Le loup se plaît en France

Présents dans une vingtaine de départements, les loups, contrairement aux ours, progressent sur le territoire, au grand bénéfice de l’équilibre naturel des forêts.

Claude-Marie Vadrot  • 28 août 2008 abonné·es

Le 15 août, les ours ont encore fait la une de la presse et provoqué une nouvelle diatribe des « anti » parce que l’un de ces plantigrades a été percuté par un minibus roulant trop vite sur la nationale 20, en Ariège. L’animal, qui tournait le dos à Lourdes, est pourtant sorti miraculeusement indemne de cet accident, et les occupants du véhicule n’ont pas été blessés. Il ne s’agissait que de l’une des quelque 30 000 collisions entre une voiture et un animal sauvage qui se produisent chaque année parce que les pouvoirs publics se refusent à investir dans les passages pour animaux.
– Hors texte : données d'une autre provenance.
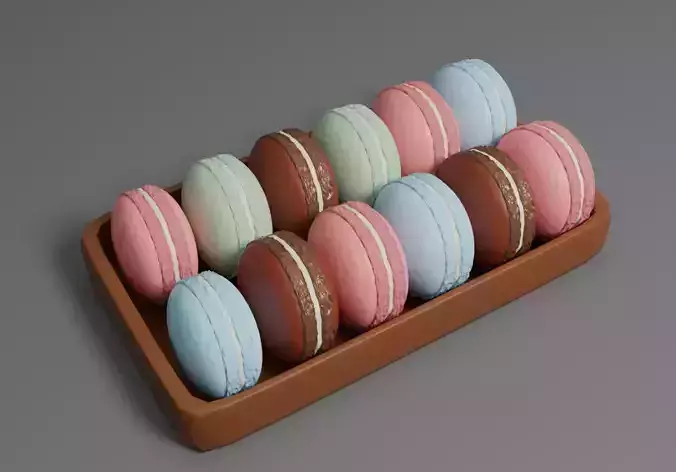 Macaroons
L’année dernière, l’ourse Franka avait été tuée par une voiture, après avoir été sciemment effrayée par des chasseurs.
Bien que n’étant plus qu’une vingtaine à errer dans les Pyrénées françaises, les ours font toujours beaucoup parler d’eux, et il n’est pas certain que la récente intervention en leur faveur de Carla Bruni leur soit d’une grande aide. On sait, depuis la mise en place d’un plan ours à la demande de François Mitterrand dans les années 1980, que l’onction présidentielle n’est pas une garantie, au contraire.
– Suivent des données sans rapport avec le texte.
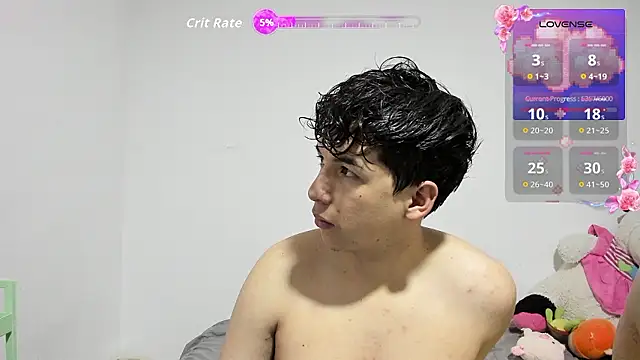 Snapshot of Desire_Ecstasy2 chatting on 07-12-26, 01:07 Desire Ecstasy2 online show from 07-12-26, 01:07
En revanche, les loups, discrets et probablement plus prudents pour traverser les routes, continuent à s’installer tranquillement en France, à la grande satisfaction des naturalistes, et ce sans aucune intervention paraprésidentielle. Depuis leur arrivée (officielle) « à pattes » d’Italie en 1992 dans le parc national du Mercantour, malgré les embûches, les tirs illégaux, les empoisonnements et les éliminations légales, ils progressent sur le territoire : ils étaient deux, ils sont maintenant au moins 150, et, grâce aux mesures de protection offertes à de nombreux bergers, la prédation (toujours remboursée) sur les moutons diminue lentement ; elle n’a toujours aucune commune mesure avec les dégâts (plus de 100 000 brebis par an) causés par les chiens errants.
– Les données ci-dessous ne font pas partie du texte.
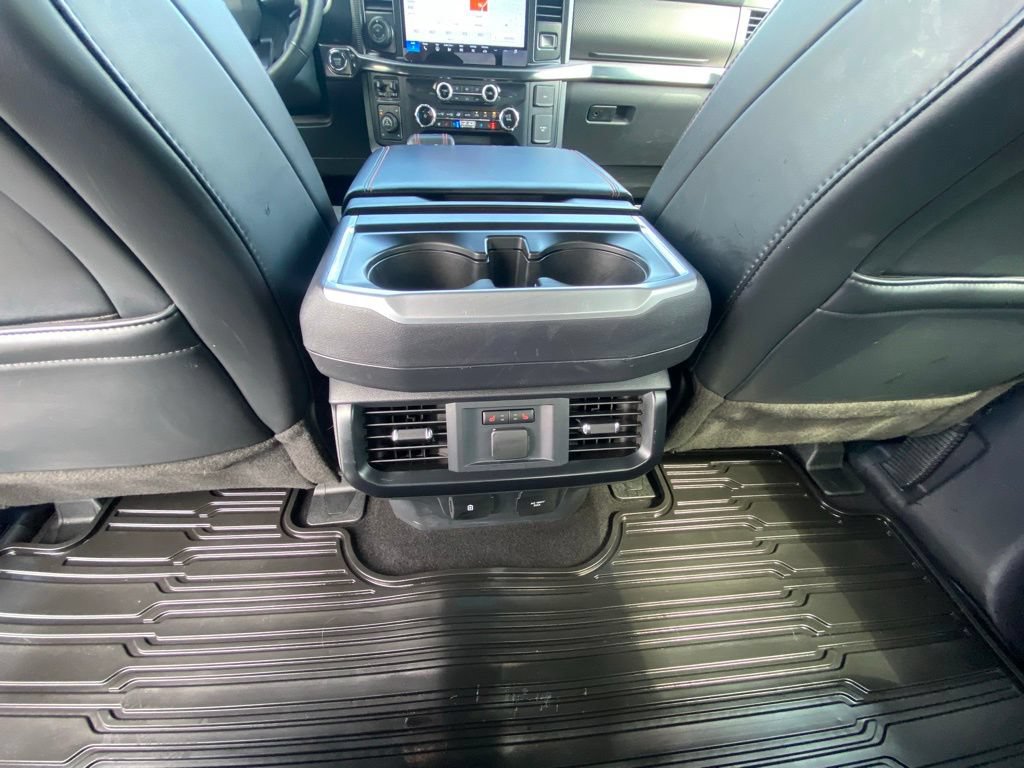 Certified 2024 Ford F150 Raptor AWD/4WD image 25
D’après les documents d’observation de l’hiver dernier publiés il y a quelques jours par l’association Ferus, qui regroupe les défenseurs des ours, des loups et des lynx, les loups seraient plus ou moins régulièrement présents dans une vingtaine de départements. Ce qui signifie qu’après avoir colonisé l’arc alpin jusqu’en Savoie, ces bêtes d’origine italienne sont parvenues d’une part jusqu’aux Pyrénées et d’autre part jusque dans l’Aude, le Tarn et le Cantal. Des observateurs dignes de foi en ont même repéré en Lozère, en Ardèche et en Haute Loire, y compris dans la célèbre région de la « bête du Gévaudan », dont le récit alimente toujours les phobies des chasseurs et des éleveurs. Alors qu’il est établi depuis des années que cette « bête » n’a jamais existé et que les 150 morts et 160 blessés qui lui ont été officiellement attribués pendant trois ans à partir de 1764 sont probablement des crimes non élucidés. Situation de panique aggravée avec l’exploitation de l’angoisse des habitants, par la royauté et les catholiques, pour faire du loup un « protestant » hérétique en cette région déchirée par une longue guerre de religion.
Quelles que soient les histoires « terribles » (toujours) colportées par des bergers et des chasseurs tentant d’obtenir de nouvelles autorisations de tir d’élimination dans les négociations menées sous l’égide du ministère de l’Écologie avec les associations de protection, la reconquête d’une grande partie du territoire français par le loup semble inéluctable, ce qui ne pourra que contribuer à l’équilibre naturel des cervidés, dont la prolifération menace à la fois les cultures et la régénération naturelle des forêts.